Markets are powerful and efficient, but markets fail -- spectacularly -- when power becomes unbalanced. Society must apply effective moral, social and political counterbalances to prevent market failure. When those counterweights are weak, failure is inescapable. Consumers, taxpayers, workers and communities pay the price.

NAFTA-style trade agreements have two fatal shortcomings. First their "dispute settlement" system -- their foundational institution of global behavior -- is actually a private justice system designed from the ground up to benefit global corporations. Corporations and global investors are the only plaintiffs, and nations are the only defendants. Claims are settled in private tribunals, run by corporate lawyers with no public accountability. They make decisions based on corporate interests, as written into the trade agreements.

Jethro had good reason to seek judges "out of all the people, able men such as fear God, men of truth, hating unjust gain." Jethro and Moses urgently needed legitimacy and political stability.

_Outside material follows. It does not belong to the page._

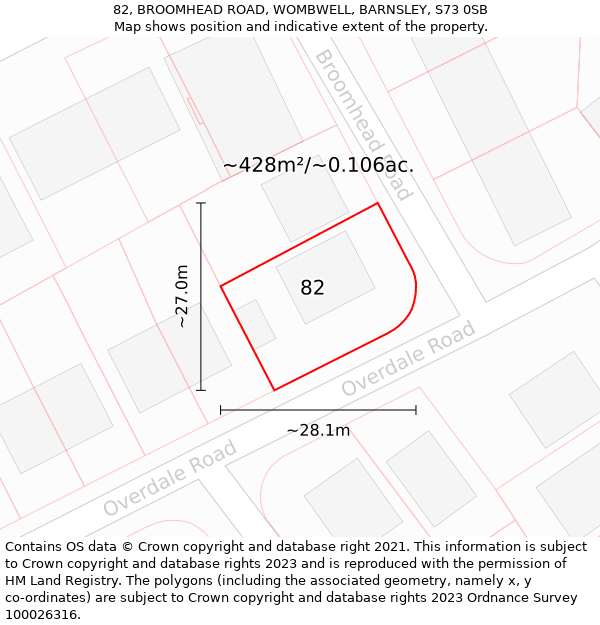 82, BROOMHEAD ROAD, WOMBWELL, BARNSLEY, S73 0SB: Plot and title map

Trade tribunals weaken democracy and undermine legitimacy.

By design, NAFTA-style trade deals consolidate corporate global governance without any offsetting democratic process. This is a system designed to amplify privilege and self-gratification among a global elite.

Where the Constitution has checks and balances, NAFTA-style trade agreements explicitly favor corporate power. Our lived experience of this is growing inequality, weakened social cohesion, declining economic security for the majority of workers, erosion of democracy, loss of legitimacy and growing political instability.

In our current muddled morality, many admire the 1 percent for their glittering wealth, envy those with a secure job and a pension, and disparage those with the least bargaining power and fewest opportunities. This is not the way to counterbalance corporate power.

So, do we trust global corporations? No. They are losing public trust. The burden of proof now lies squarely on advocates for these new trade agreements. They must prove they are not on the wrong side of globalization.

Perhaps developing countries have a point, when they mistrust our free-market values and prefer their traditional values.

The America Revolution introduced an era where stable democracies displaced empire and aristocracy. Britain's empire gave way to its Commonwealth -- a term that speaks to shared prosperity.

In the post-World War II period, we lived in the moral afterglow of "making the world safe for Democracy (again)." We reached a peak of shared prosperity, where work had dignity, and workers earned a share of the gains they created. Our personal well-being was connected to the well-being of those in our community. And business succeeded!

About 30 years ago, shared prosperity began to fade. Today it is a distant memory for too many workers stuck in low-wage or temporary jobs. Globalization, as we've managed it, has failed.

We know the basics of balanced, accountable, legitimate, sustainable, democratic governance, with a strong moral footing. We can do globalization right.